このファーストを聴くと、荒削りな演奏、特にRYUICHIの野生味溢れるボーカルスタイルに驚かされる。サウンド面はニューウェーブ、ポジティブパンクをベースにした、ダークでゴシックな世界観。「SHADE」における2ビートと3拍子の合わせ技、「MOON」での、SUGIZOによるディレイのかかったイントロなど、彼らの世界の源流とも言えるサウンドがすでに存在している。音質の悪さを差し引いても余りある、がむしゃらで勢いのあるプレイが随所に感じられるのだ。

名実ともにシーンの頂点に立ったLUNA SEA

92年5月21日にリリースされたメジャー1作目のアルバム『IMAGE』には、「Dejavu」や「MECHANICAL DANCE」のような鬼気迫るアグレッシヴなナンバーと、「WALL」「IMITATION」のようにポップな楽曲が同居しており、デカダンスな暗黒ムードをとてつもなくスピーディでパンクな音で表現している。

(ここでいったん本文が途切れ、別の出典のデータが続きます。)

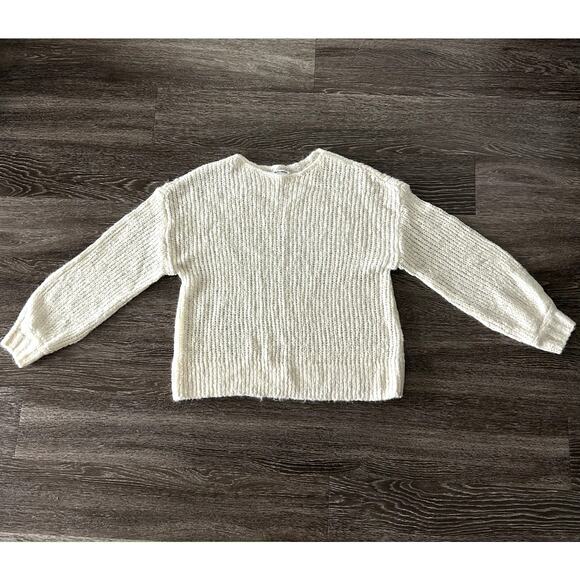 Reformation Kaya Oversized Baby Alpaca Wool Sweater Cream Sz XS Cozy Chunky Knit - Picture 16 of 16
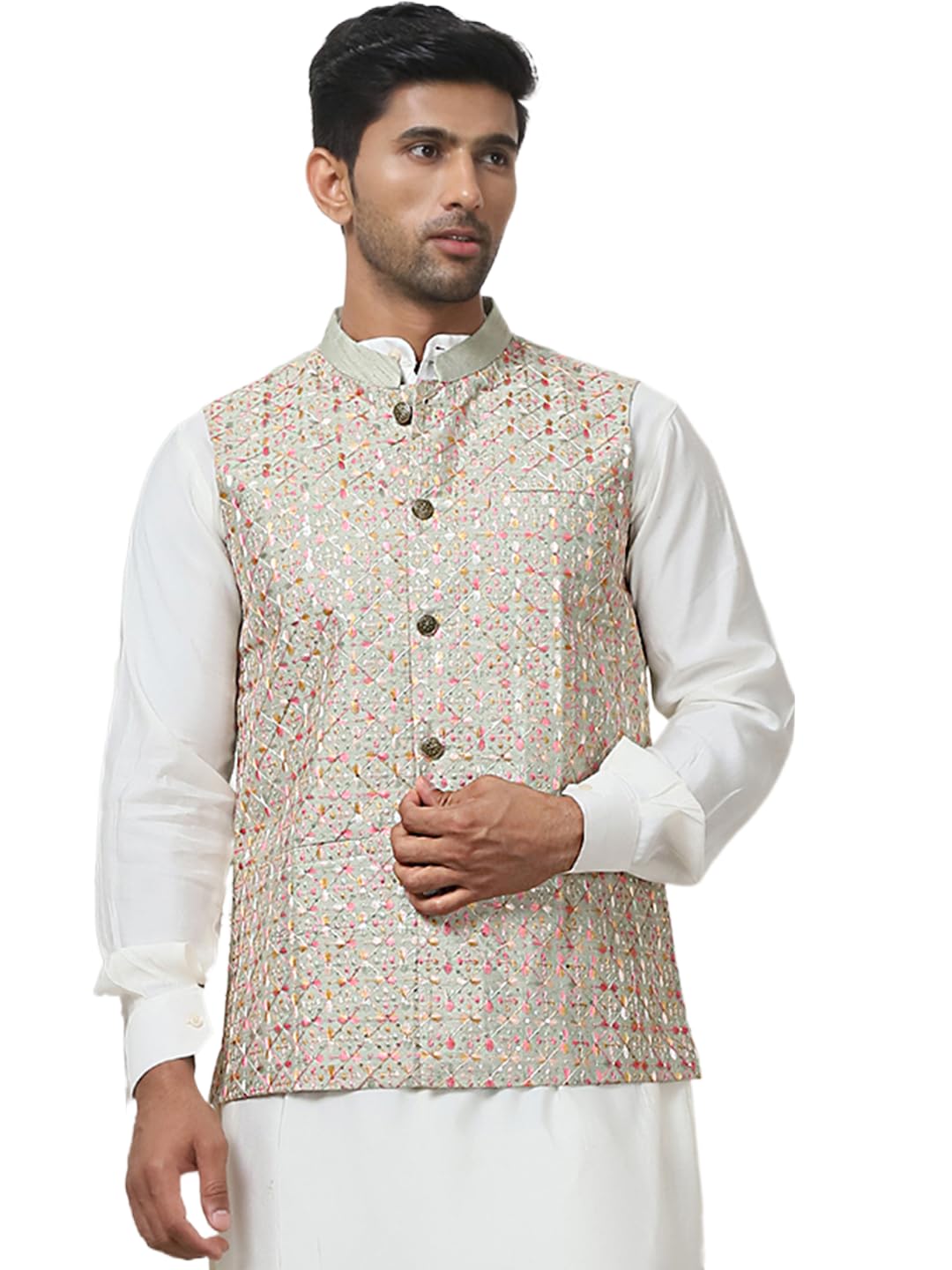 Jompers Mens Embroidered With Sequin Silk Blend Nehru Jacket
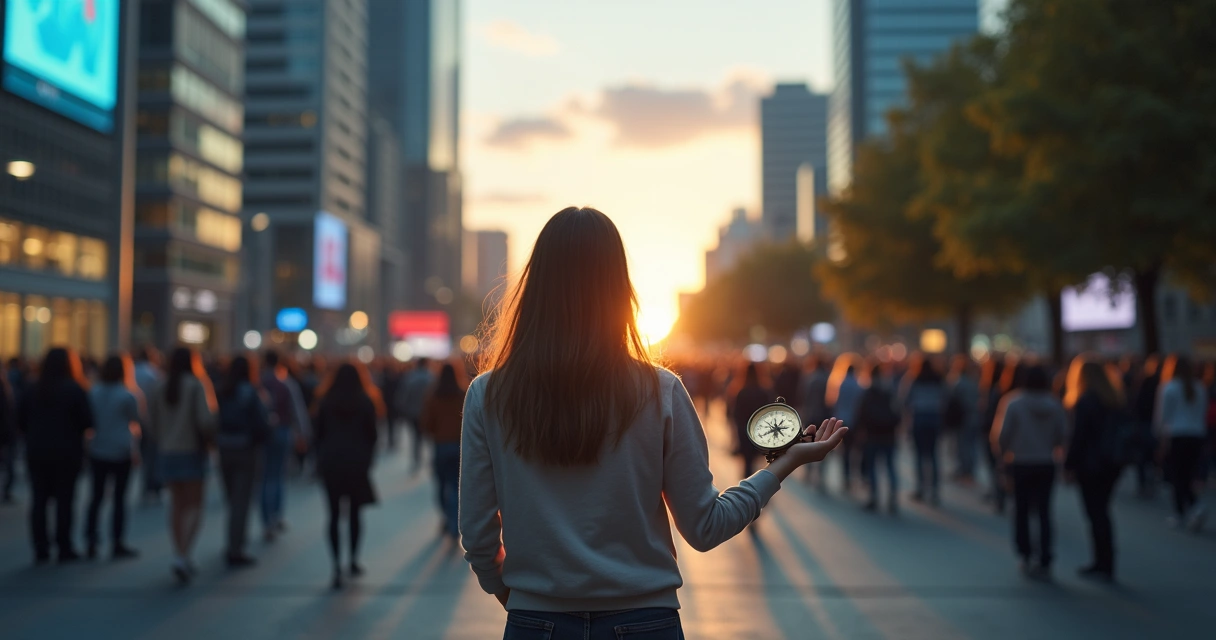 Person standing at a crossroads between a noisy crowd and a calm path with a compass in hand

93年4月21日リリースの3作目『EDEN』では、耽美的な世界観を前面に押し出し、シャッフルビートを取り入れた「STEAL」や、優美なワルツの「Providance」など、ロマンチックかつメランコリックなナンバーが目立つ。前作までの強力な破壊衝動は後退し、やや内省的な印象も受けるが、一方ではプログレ的なアプローチも前2作に比べて強くなった。

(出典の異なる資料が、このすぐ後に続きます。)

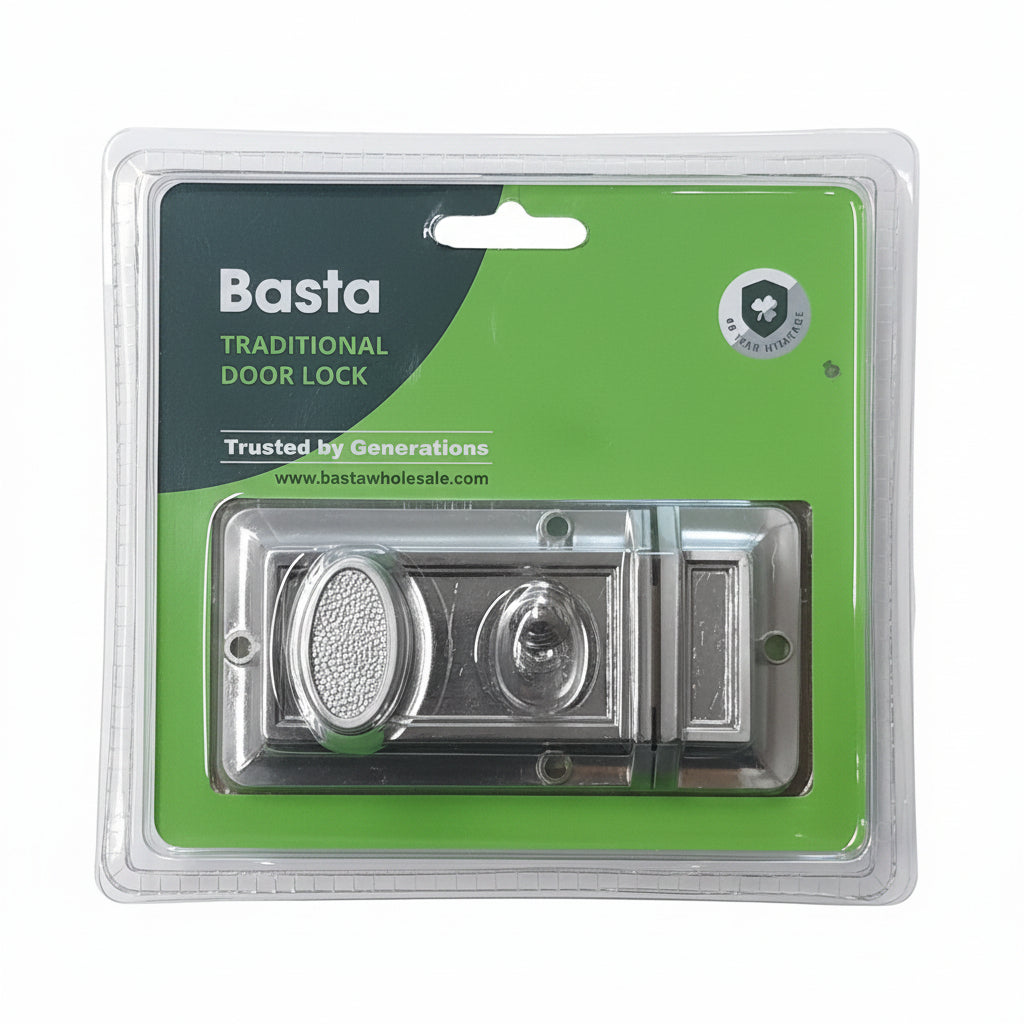 Basta Nickel Night Latch Traditional Door Lock Clam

これが94年の4作目『MOTHER』では、インダストリアル、アフリカンビート、あるいはオルタナ的サウンドまで繰り出し、トレンドの洋楽との折り合いをつけながら進化・発展させつつも、核にあるLUNA SEA独自の世界観はキープしたままという凄まじい変貌ぶりを見せた。このアルバムをLUNA SEAの最高傑作と呼ぶリスナーも多いのも納得の完成度である。オリコンチャートでは自己最高の2位を記録、同年12月には日本武道館公演を、追加も含めトータルで4日間成功させた。翌年には初の東京ドーム公演を敢行、この時期LUNA SEAは名実ともにシーンの頂点に立った。

メンバー全員が主役というスタイル

LUNA SEAというバンドの特性を1つ挙げるなら、作詞・作曲の方法の独自性にある。メンバーの誰かが持ち込んだ曲であっても、それを元に全員で作り込んで行く作業で、編曲におけるヘッドアレンジのような形で作曲を全員で手がけるのだ。

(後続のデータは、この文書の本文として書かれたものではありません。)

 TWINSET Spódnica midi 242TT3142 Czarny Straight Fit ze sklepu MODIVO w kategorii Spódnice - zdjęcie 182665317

楽曲クレジットも、初期は実際に作詞・作曲したメンバーが表記されたが、ある時期から全て “LUNA SEA” 名義に変わった。もちろん著作権から発生する印税収入を公平にする、という金銭面での配慮もあるが、この作り方により、ミュージシャンそれぞれの個性よりも、LUNA SEAというバンドの色が先に立つことになる。

こうしたメンバー全員が主役というスタイルは、演奏面にも表れている。それぞれ音楽的影響も出自も違う5人の個性が、そのまま強烈な自己主張となってサウンド面に現れるのだ。いわゆるアンサンブル的なものとも違う、それぞれの主張が攻撃的にぶつかりながら、LUNA SEAというバンドの音を組み立てていると言えばいいだろう。

ことにSUGIZOとINORANのツインギター体制にそれを強く感じさせる。リードを弾くSUGIZOは、世界観の構築も任されており、ハードロック要素も強い。一方でカッティングやリフなどリズムギターを担当するINORANは、クリーントーンのアルペジオを得意とし、退廃的でエロティックな世界観を描き出す。そこには、リードとサイドという単純な分け方では成立しない、この2人ならではの役割分担がある。

ツインギターの必然性を感じさせる楽曲はいくつもあるが、例えば『LUNA SEA』に収録されている「SANDY TIME」や、『IMAGE』の「SEARCH FOR REASON」では、両者の水と油のようなギターが見事に溶け合い、ゴシックな世界を現出させている。『MOTHER』収録の「IN FUTURE」ではツインギターがそれぞれ全く異なるフレーズを弾き、強烈なうねりを生み出している。どちらが欠けても成立しないのだ。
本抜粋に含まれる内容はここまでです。